使用Stacking集成学习方法对鸢尾花数据集进行分类
1. 加载数据
from sklearn import datasets
iris = datasets.load_iris()
X, y = iris.data[:, 1:3], iris.target
2.构建Stacking分类器
from sklearn.model_selection import cross_val_score
from sklearn.linear_model import LogisticRegression
from sklearn.neighbors import KNeighborsClassifier
from sklearn.naive_bayes import GaussianNB
from sklearn.ensemble import RandomForestClassifier
from mlxtend.classifier import StackingCVClassifier
from sklearn.model_selection import GridSearchCV
RANDOM_SEED = 42
clf1 = KNeighborsClassifier(n_neighbors=1)

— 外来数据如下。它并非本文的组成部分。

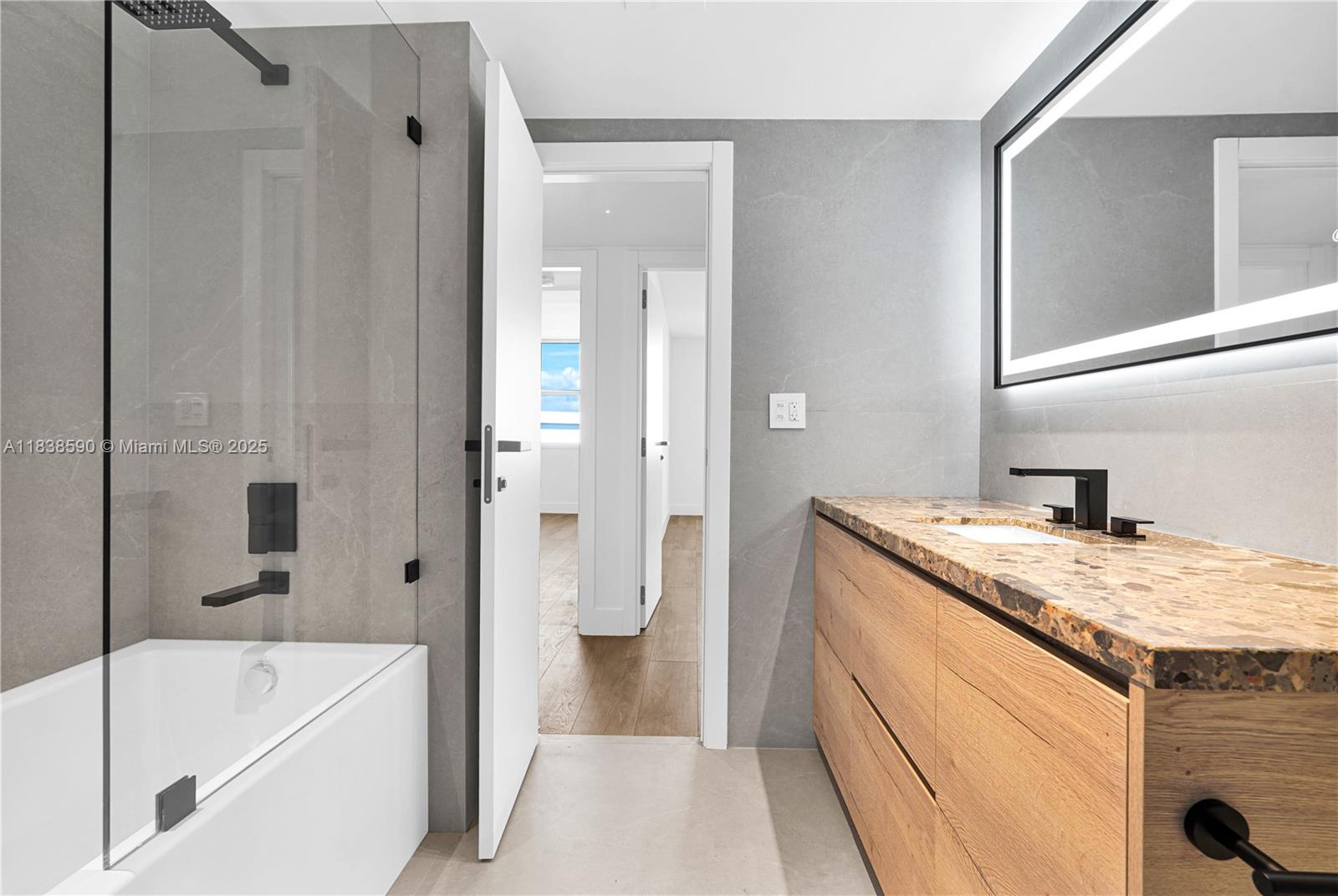 9111 E Bay Hbr Dr #PHD Bay Harbor Islands, FL 33154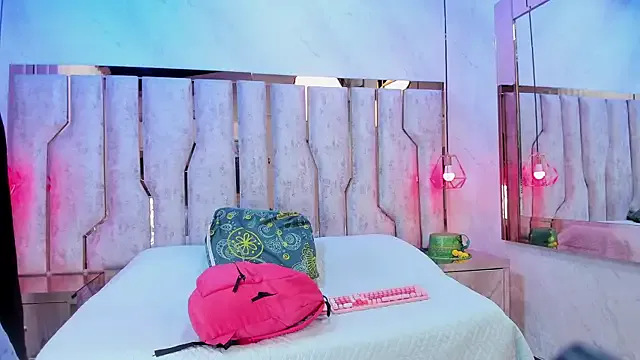 violet_sm — squirt hard and big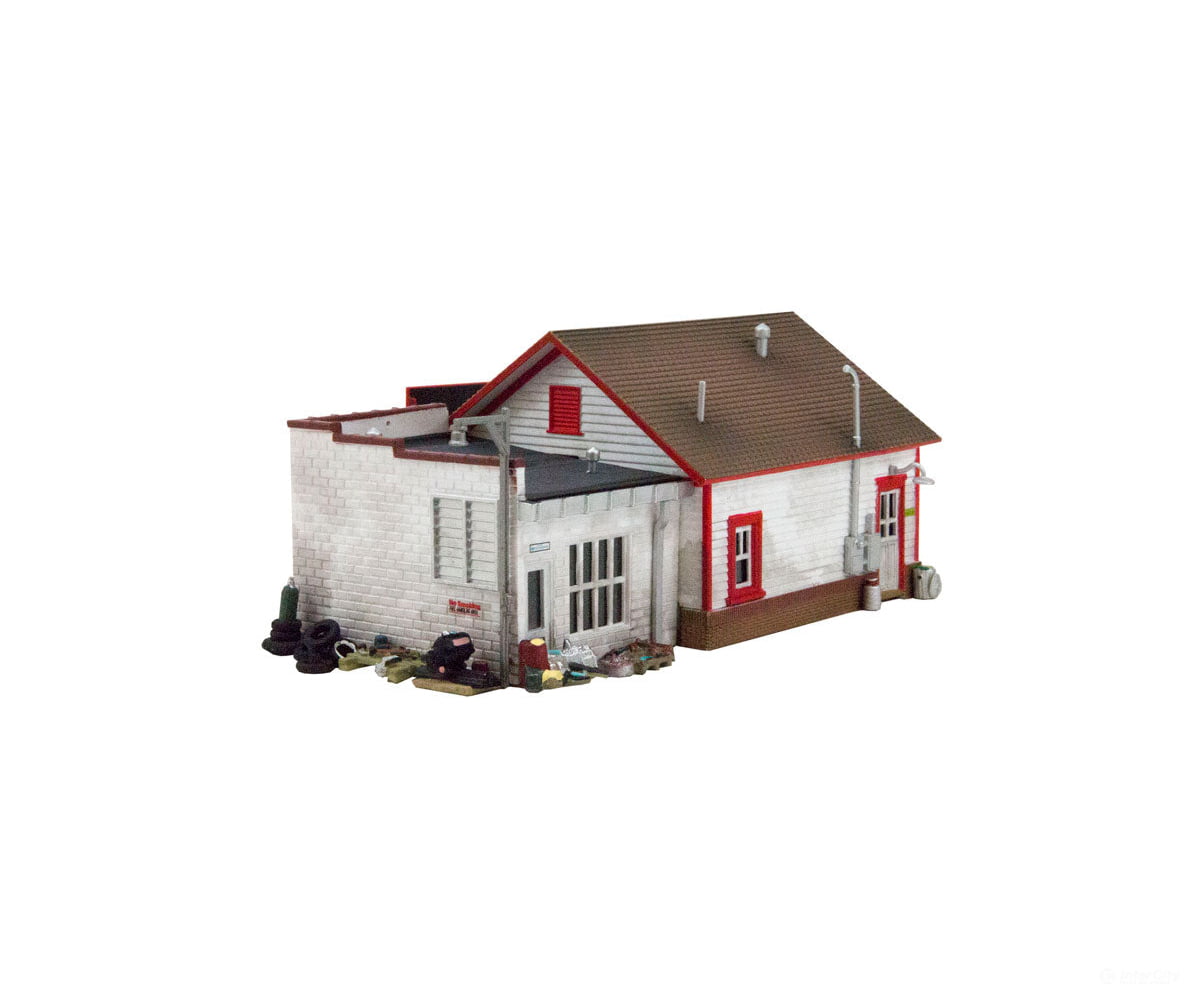 Woodland Scenics 5025 Fill’er Up & Fix’er (Lit) Ho Scale Structures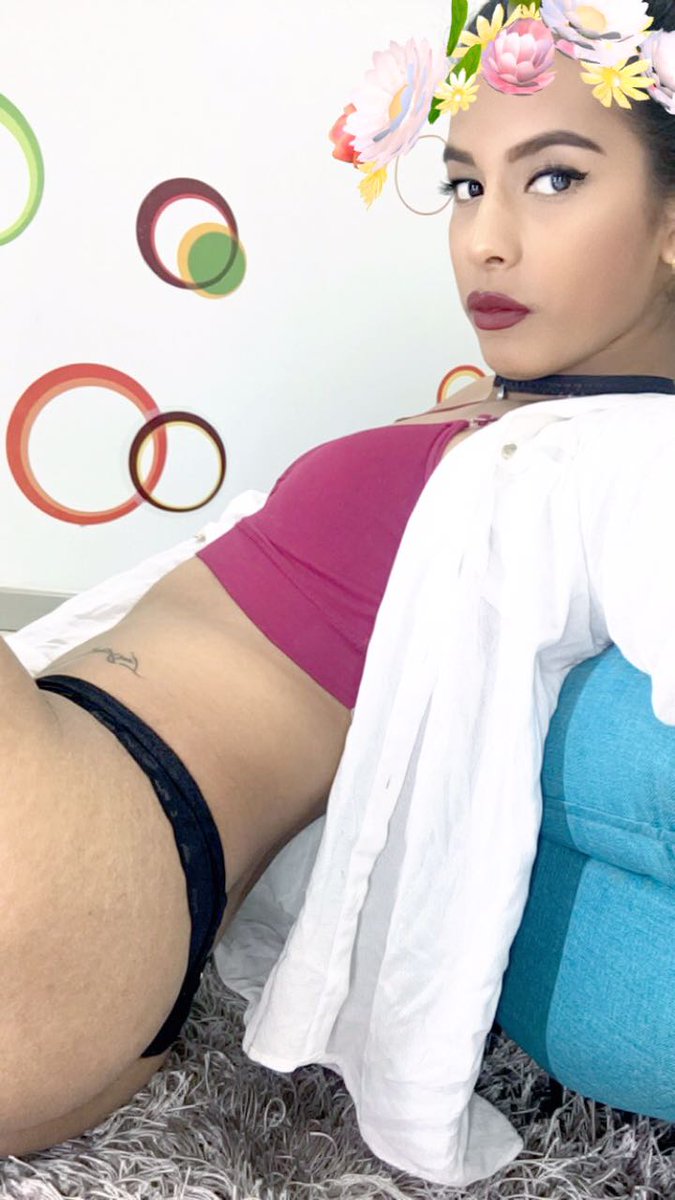 kendrasmithts22's tweet photo. Come see me on @chaturbate right now!
#online now
https://t.co/E2Bcy2896m
@chaturbate  @CamAngelz  @CamChatOn  
#porn #naked
#blowjob #wet https://t.co/OiYvCu6yuV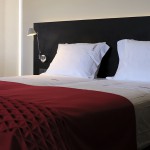 Cama de casal com manta de burel. Casa D L Cura, Genísio, Miranda do Douro, Portugal.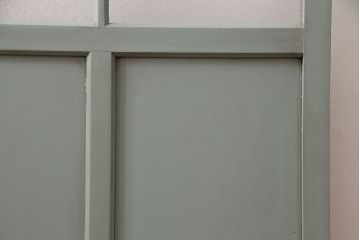 ガラス戸をリペア&カスタム!設置場所に合わせてリサイズ。吊り戸仕様に加工。引き手を取り付け。ガラスをダイヤガラスへ入れ替え。ライトオリーブグリーンのエイジング塗装で仕上げ。(引き戸、建具)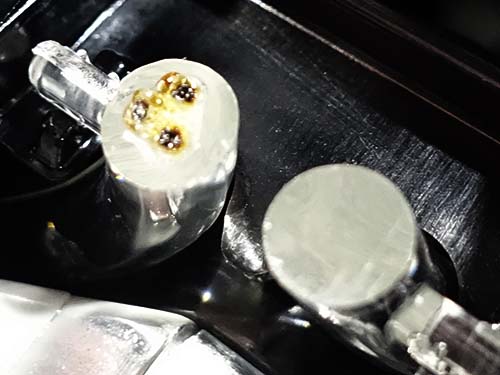 アクリル部のリペアとLEDモジュールの新品交換で復旧可能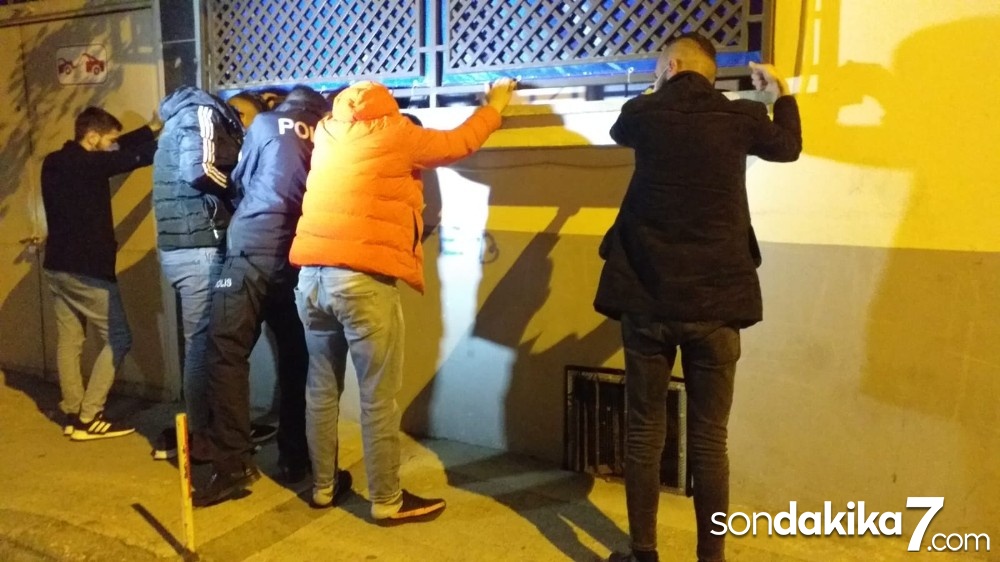 Kısıtlamada polisten kaçan şüphelinin çorabından uyuşturucu madde çıktı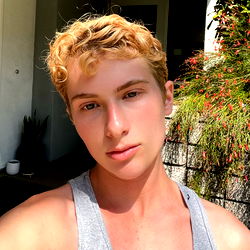 Stunning Male Model Noah Way - Los Angeles, Kalifornië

clf2 = RandomForestClassifier(random_state=RANDOM_SEED)
clf3 = GaussianNB()
lr = LogisticRegression()
sclf = StackingCVClassifier(classifiers=[clf1, clf2, clf3], # 第一层分类器
use_probas=True,
meta_classifier=lr, # 第二层分类器
random_state=RANDOM_SEED)
除了sklearn包之外,还需要import mlxtend包。代码中构建了三个基本分类器clf1,clf2和clf3,第二层分类器是一个逻辑回归网络。use_probas = True,表明将第一层分类器输出的概率作为第二层的输入。
3.使用5折交叉验证和网格搜索
params = {'kneighborsclassifier__n_neighbors': [1, 5],
'randomforestclassifier__n_estimators': [10, 50],
'meta_classifier__C': [0.1, 10.0]}
grid = GridSearchCV(estimator=sclf,
param_grid=params,
cv=5,
refit=True)
grid.fit(X, y)
cv_keys = ('mean_test_score', 'std_test_score', 'params')
for r, _ in enumerate(grid.cv_results_['mean_test_score']):
print("%0.3f +/- %0.2f %r"
% (grid.cv_results_[cv_keys[0]][r],
grid.cv_results_[cv_keys[1]][r] / 2.0,
grid.cv_results_[cv_keys[2]][r]))
print('Best parameters: %s' % grid.best_params_)
print('Accuracy: %.2f' % grid.best_score_)
使用网格搜索可以在给定的参数组合中找出精度最高的结果对应的参数。